Embora o governo brasileiro faça pouco caso da devastação ambiental que ocorre na nossa frente, os órgãos ambientais do país e até mesmo a NASA já comprovaram que os incêndios florestais estão diretamente relacionados ao desmatamento. Em 2019, fazendas de médio e grande porte foram responsáveis por 72% dos focos de incêndio na Amazônia. Já em 2020, queimadas iniciadas por apenas quatro fazendas foram as causadoras dos incêndios que consumiram cerca de 20% da biodiversidade do Pantanal. Segundo o IBGE, da área total desmatada no Brasil nos últimos 18 anos 42% deu origem a novas áreas de pasto e 16% a áreas de cultivo. Apesar de tudo isso, o governo só confirma sua tendência ecocida ao reduzir o orçamento de combate aos incêndios florestais e ao desmontar a política ambiental.

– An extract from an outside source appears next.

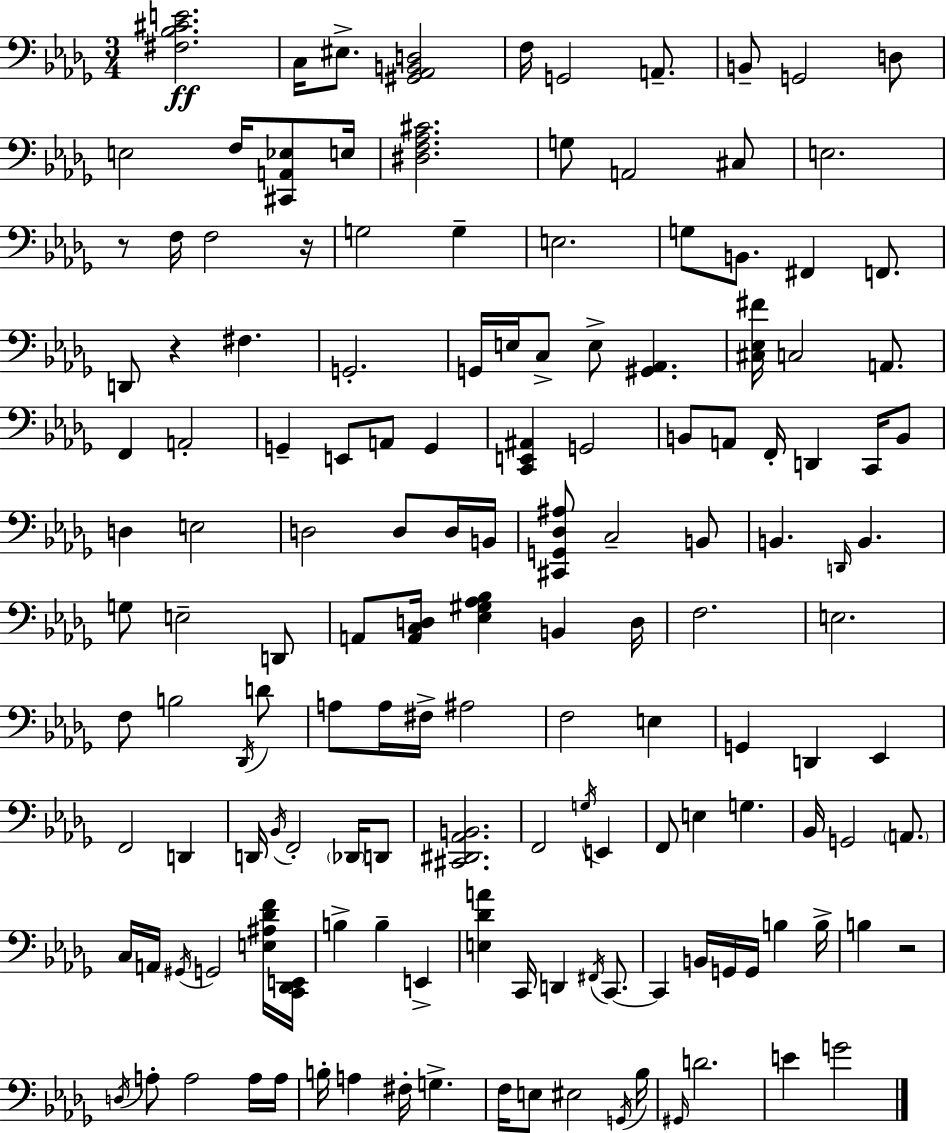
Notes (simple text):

Já são dois anos de governo Bolsonaro, dois anos de cortes no orçamento de proteção ao meio ambiente. Dois anos de recordes de queimadas, incêndios e perda recorde de biodiversidade. Mais dois anos de floresta sendo derrubada e queimada para fazer pasto e plantar soja. Mais dois anos em que o agronegócio se assume inimigo do meio ambiente, como tem feito ao longo dos 520 anos de história desse país, que, em nome do crescimento econômico, é reduzido a uma brasa ardente.

Autor desconhecido. Reprodução do Twitter.

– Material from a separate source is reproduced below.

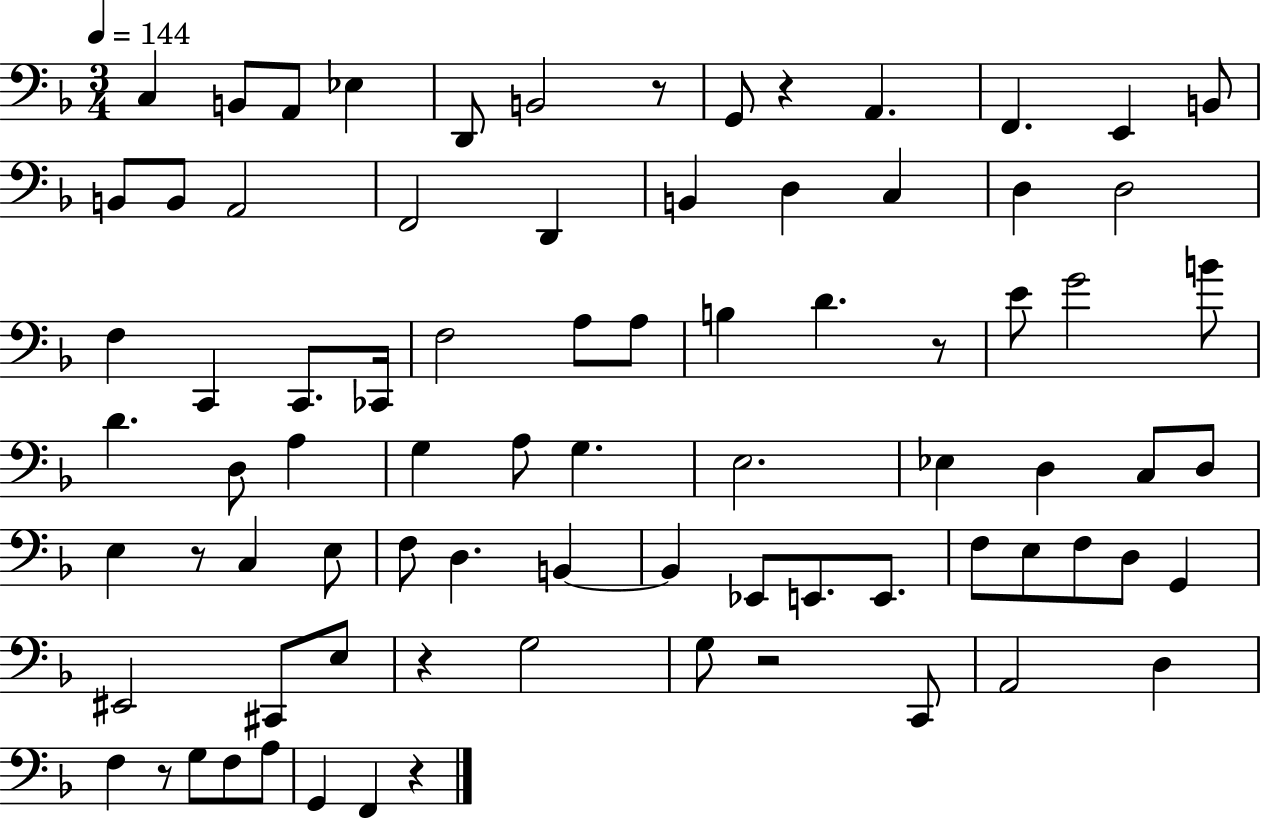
C3/q B2/e A2/e Eb3/q D2/e B2/h R/e G2/e R/q A2/q. F2/q. E2/q B2/e B2/e B2/e A2/h F2/h D2/q B2/q D3/q C3/q D3/q D3/h F3/q C2/q C2/e. CES2/s F3/h A3/e A3/e B3/q D4/q. R/e E4/e G4/h B4/e D4/q. D3/e A3/q G3/q A3/e G3/q. E3/h. Eb3/q D3/q C3/e D3/e E3/q R/e C3/q E3/e F3/e D3/q. B2/q B2/q Eb2/e E2/e. E2/e. F3/e E3/e F3/e D3/e G2/q EIS2/h C#2/e E3/e R/q G3/h G3/e R/h C2/e A2/h D3/q F3/q R/e G3/e F3/e A3/e G2/q F2/q R/q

Como fica a economia e a produção de alimentos?

Ao contrário do que parece, queimar floresta para aumentar área de pasto e plantio de soja é uma conta que não fecha. As lideranças mundiais, cada vez mais atentas à necessidade da preservação ambiental, sabem disso. As queimadas e o desmatamento enfraquecem o solo, tornando-o infértil no futuro. De fato, órgãos ambientais já identificaram processo de desertificação no Cerrado brasileiro. Ou seja, mesmo que se derrube toda a Amazônia, Cerrado e Pantanal para dar espaço ao agronegócio, e que o agro prospere por mais dez, vinte ou cinquenta anos, a partir do momento em que o solo se tornar infértil, não haverá mais onde plantar nem onde pastar. E aí, o Brasil irá vender o que ao mercado externo? Aliás, isso também prova como é burra a posição do governo em apostar todas as fichas no agronegócio, sem gerar emprego em outros setores e deixando deliberadamente de investir em educação, ciência e tecnologia. 

Não há como negar que a produção agrícola é essencial para alimentar a população mundial. O que se critica é o modo como ela é praticada atualmente. Existem outras técnicas que aliam o plantio à preservação da natureza – ao contrário do que alguns dos reis do gado insistem em praticar no Brasil. Os países desenvolvidos – aqueles que ditam as regras do jogo econômico – estão ligados que não dá mais para defender atividades econômicas que colocam em risco a natureza e a biodiversidade. Países europeus têm reforçado suas exigências de proteção ambiental para firmar parcerias comerciais. Exemplo disso é que a atual política ambiental do governo Bolsonaro coloca em risco a assinatura de novos acordos econômicos, como entre a União Europeia e o Mercosul.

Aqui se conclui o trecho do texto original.